Chris Rock, Fargo, The Sopranos, James Gandolfini

It’s hard to imagine anyone turning down a role in what was once HBO’s biggest series, but that’s preciously what Chris Rock did, and not just once either. Twenty years ago, The Sopranos was the biggest thing on television and Chris Rock was in the midst of releasing a series of highly successful HBO standup specials, and the actor told THR during a round-table interview that he turned down several offers to appear on the crime drama.

Chris Rock would go on to play crime boss Lou Cannon in the fourth season of Noah Hawley’s Fargo, and he almost turned down the opportunity just as he had The Sopranos all those years ago. The reason: he didn’t want to spoil either series.

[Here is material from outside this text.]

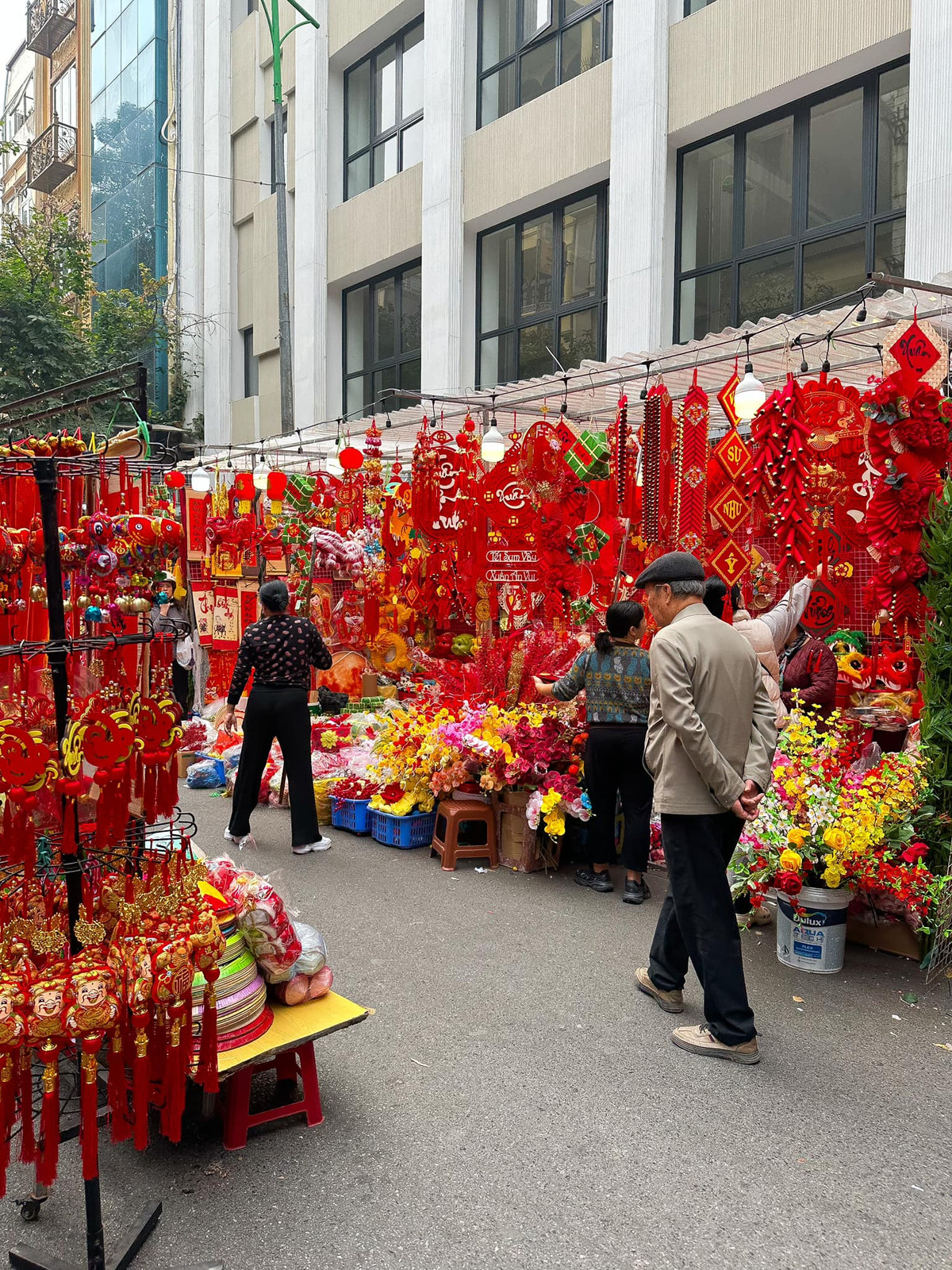 Đồ trang trí Tết mỗi năm lại thay đổi, mẫu mã đa dạng, màu sắc bắt mắt.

[Fargo] is a big job. And sometimes you can respect something so much, you don’t even want to be a part of it. Years ago, when I had my own show on HBO, it was at the height of The Sopranos, and I got a couple of offers to be on The Sopranos, and I was like, “I like it too much, I don’t want to spoil it.” But I was such a fan [of Fargo], I took the meeting anyway, and then he presents me with this offer, and I’m like, “Whatever you want me to do, I’m down.” Because I saw how he handled Bokeem Woodbine [who played Mike Milligan].

Sometimes people do amazing work and then when they handle Black people, it’s horrible,” Rock continued. “But with [Hawley], I saw how he handled Bokeem and I was like, ‘I can totally be in your hands.’” Although Chris Rock may have turned down the chance to appear on The Sopranos, there was one actor wasn’t even afforded that opportunity, despite reaching out personally. Alec Baldwin revealed earlier this month that he had volunteered his services for that fateful day when Tony Soprano would inevitably meet his maker, only to be met with silence.

Although The Sopranos may be over, we will soon be returning to that universe with The Many Saints of Newark, a prequel movie that will be set in the era of the Newark riots in the 60s and also feature Michael Gandolfini, the son of the late James Gandolfini, as a younger version of Tony Soprano. The film is slated to hit theaters and HBO Max on September 24, 2021.